What benefits do the Antenna Test Facilities deliver?
The Antenna Test Facilities provide support to both ESA and external projects, assessing new antenna designs and techniques and qualifying designs for flight.
Projects that received recent support include vegetation monitoring mission Proba-V - checking the performance of the communication antenna and GPS sensor on vegetation-monitoring mission - initial tests on the Snowscat scatterometer – an instrument in early development to measure snow thickness from orbit – and Galileo test satellite GIOVE-A.
The Facilities also serve to investigate novel methods of antenna testing. For example, work there helped develop novel measuring techniques used to verify the Planck telescope/antenna alignment by prime contractor Thales Alenia Space in Cannes, France. Planck's telescope/antenna was hugely complex to design and test, being required to collect the radiation of the Cosmic Microwave Background left over from the Big Bang while avoiding any EM spillover from our Sun, Earth or the Moon.

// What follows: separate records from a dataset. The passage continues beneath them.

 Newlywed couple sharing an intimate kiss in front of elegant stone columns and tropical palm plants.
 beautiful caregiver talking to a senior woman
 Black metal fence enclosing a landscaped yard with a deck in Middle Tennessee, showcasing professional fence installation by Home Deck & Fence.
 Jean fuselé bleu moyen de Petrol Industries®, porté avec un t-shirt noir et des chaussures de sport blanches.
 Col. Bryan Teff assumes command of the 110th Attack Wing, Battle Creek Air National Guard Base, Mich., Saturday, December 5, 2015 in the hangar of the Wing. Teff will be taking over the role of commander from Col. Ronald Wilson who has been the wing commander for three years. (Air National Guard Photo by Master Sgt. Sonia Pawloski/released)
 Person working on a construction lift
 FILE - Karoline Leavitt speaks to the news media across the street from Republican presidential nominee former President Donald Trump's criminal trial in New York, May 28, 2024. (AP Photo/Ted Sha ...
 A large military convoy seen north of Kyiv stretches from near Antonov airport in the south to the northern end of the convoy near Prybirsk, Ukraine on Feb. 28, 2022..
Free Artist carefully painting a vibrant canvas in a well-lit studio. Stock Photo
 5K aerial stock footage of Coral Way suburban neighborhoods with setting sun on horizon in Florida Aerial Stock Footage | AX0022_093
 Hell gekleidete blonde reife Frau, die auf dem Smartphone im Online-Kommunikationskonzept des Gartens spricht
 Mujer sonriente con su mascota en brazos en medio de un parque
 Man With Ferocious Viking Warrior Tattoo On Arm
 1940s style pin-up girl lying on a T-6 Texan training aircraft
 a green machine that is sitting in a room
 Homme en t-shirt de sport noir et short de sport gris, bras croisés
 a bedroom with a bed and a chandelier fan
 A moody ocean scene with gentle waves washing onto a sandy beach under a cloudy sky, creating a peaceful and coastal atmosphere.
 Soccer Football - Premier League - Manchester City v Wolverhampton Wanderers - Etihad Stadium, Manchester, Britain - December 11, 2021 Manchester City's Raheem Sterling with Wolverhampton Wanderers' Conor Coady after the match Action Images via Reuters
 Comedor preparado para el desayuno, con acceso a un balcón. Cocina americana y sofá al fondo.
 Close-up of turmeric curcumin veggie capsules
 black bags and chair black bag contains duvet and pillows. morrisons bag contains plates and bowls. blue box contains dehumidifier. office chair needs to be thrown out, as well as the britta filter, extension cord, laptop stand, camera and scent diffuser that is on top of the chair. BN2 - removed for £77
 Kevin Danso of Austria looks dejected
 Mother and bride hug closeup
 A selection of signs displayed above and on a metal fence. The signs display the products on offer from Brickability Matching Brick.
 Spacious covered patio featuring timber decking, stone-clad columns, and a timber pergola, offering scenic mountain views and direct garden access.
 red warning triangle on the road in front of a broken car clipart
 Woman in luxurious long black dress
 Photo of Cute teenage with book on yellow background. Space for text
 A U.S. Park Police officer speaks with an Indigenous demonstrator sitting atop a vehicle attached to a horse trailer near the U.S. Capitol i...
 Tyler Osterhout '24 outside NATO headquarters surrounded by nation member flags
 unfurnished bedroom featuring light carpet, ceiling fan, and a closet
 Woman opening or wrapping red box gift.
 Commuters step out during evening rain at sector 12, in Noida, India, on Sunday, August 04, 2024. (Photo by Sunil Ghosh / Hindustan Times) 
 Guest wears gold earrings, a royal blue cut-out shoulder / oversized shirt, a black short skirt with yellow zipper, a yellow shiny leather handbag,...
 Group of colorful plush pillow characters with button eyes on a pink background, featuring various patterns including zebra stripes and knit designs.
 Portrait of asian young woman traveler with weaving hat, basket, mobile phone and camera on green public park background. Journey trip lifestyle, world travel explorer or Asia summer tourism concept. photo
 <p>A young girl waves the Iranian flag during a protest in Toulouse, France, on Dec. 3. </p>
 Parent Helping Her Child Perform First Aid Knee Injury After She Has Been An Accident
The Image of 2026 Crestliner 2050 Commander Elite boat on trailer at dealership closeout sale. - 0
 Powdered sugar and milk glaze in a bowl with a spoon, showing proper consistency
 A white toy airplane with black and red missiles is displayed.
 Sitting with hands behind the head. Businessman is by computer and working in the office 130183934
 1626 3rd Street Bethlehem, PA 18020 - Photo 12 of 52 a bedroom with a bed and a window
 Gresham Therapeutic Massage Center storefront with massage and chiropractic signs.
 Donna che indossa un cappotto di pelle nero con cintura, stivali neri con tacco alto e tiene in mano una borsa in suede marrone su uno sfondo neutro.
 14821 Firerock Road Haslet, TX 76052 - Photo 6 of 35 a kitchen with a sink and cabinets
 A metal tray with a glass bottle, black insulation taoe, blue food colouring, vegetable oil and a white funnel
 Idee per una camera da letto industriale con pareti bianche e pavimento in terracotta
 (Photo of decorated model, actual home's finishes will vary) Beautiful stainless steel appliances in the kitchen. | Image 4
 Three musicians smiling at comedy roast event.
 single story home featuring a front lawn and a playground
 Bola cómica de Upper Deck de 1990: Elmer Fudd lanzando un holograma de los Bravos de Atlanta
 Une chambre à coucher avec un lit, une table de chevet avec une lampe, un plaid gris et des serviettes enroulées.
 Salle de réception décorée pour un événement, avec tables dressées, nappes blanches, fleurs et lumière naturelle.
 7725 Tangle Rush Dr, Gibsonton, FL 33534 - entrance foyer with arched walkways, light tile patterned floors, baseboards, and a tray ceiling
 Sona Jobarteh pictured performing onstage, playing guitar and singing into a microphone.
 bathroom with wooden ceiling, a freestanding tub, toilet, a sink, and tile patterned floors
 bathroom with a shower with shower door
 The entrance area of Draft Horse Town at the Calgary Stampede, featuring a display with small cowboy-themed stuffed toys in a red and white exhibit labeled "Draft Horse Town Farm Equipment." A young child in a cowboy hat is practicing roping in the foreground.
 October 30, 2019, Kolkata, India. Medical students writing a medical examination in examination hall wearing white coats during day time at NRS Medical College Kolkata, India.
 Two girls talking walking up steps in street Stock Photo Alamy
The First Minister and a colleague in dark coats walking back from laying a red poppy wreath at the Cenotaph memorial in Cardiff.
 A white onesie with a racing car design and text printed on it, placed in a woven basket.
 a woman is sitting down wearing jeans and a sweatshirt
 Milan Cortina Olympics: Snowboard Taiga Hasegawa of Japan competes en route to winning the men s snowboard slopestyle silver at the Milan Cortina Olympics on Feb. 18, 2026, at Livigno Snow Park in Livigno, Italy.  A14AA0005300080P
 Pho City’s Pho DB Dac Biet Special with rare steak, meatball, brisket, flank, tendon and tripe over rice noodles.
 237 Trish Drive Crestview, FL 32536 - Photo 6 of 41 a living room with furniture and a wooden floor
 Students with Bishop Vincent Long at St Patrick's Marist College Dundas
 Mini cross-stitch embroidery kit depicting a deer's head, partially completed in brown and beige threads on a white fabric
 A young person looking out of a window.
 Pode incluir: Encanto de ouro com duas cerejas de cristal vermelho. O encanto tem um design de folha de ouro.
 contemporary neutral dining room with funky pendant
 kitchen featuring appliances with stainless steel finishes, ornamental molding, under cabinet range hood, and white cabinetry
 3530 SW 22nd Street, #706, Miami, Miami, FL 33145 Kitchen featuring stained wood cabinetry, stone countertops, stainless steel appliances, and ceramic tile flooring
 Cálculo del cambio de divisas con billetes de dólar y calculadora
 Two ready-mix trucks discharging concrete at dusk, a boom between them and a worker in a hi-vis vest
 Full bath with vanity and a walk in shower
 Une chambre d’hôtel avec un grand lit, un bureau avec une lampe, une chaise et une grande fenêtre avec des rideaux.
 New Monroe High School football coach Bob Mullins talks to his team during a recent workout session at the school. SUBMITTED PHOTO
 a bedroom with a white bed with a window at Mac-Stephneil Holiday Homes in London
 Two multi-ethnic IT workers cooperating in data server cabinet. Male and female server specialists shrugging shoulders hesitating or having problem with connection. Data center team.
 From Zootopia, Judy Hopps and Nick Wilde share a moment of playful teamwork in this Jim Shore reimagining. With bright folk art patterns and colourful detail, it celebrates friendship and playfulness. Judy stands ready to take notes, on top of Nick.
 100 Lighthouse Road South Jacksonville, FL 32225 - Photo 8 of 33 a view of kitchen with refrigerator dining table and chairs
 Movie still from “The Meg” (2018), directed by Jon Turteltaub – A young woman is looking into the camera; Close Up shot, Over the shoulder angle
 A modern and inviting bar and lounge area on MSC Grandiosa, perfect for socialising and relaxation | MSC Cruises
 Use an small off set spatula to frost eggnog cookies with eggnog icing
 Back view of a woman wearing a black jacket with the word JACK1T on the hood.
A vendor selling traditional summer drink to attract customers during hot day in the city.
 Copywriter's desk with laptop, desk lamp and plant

The Facilities research new measurement techniques in anticipation of future needs. Current telecommunication satellite antennas produce a dozen or so separate beams, but next-generation satellites could have as many as a hundred. Work is ongoing to develop faster, cost-effective techniques of verifying such complex antennas.
The Facilities are also performing materials testing to identify for example lightweight alternatives to metal to build reflectors of., with further materials reflectivity testing carried out in support of projects.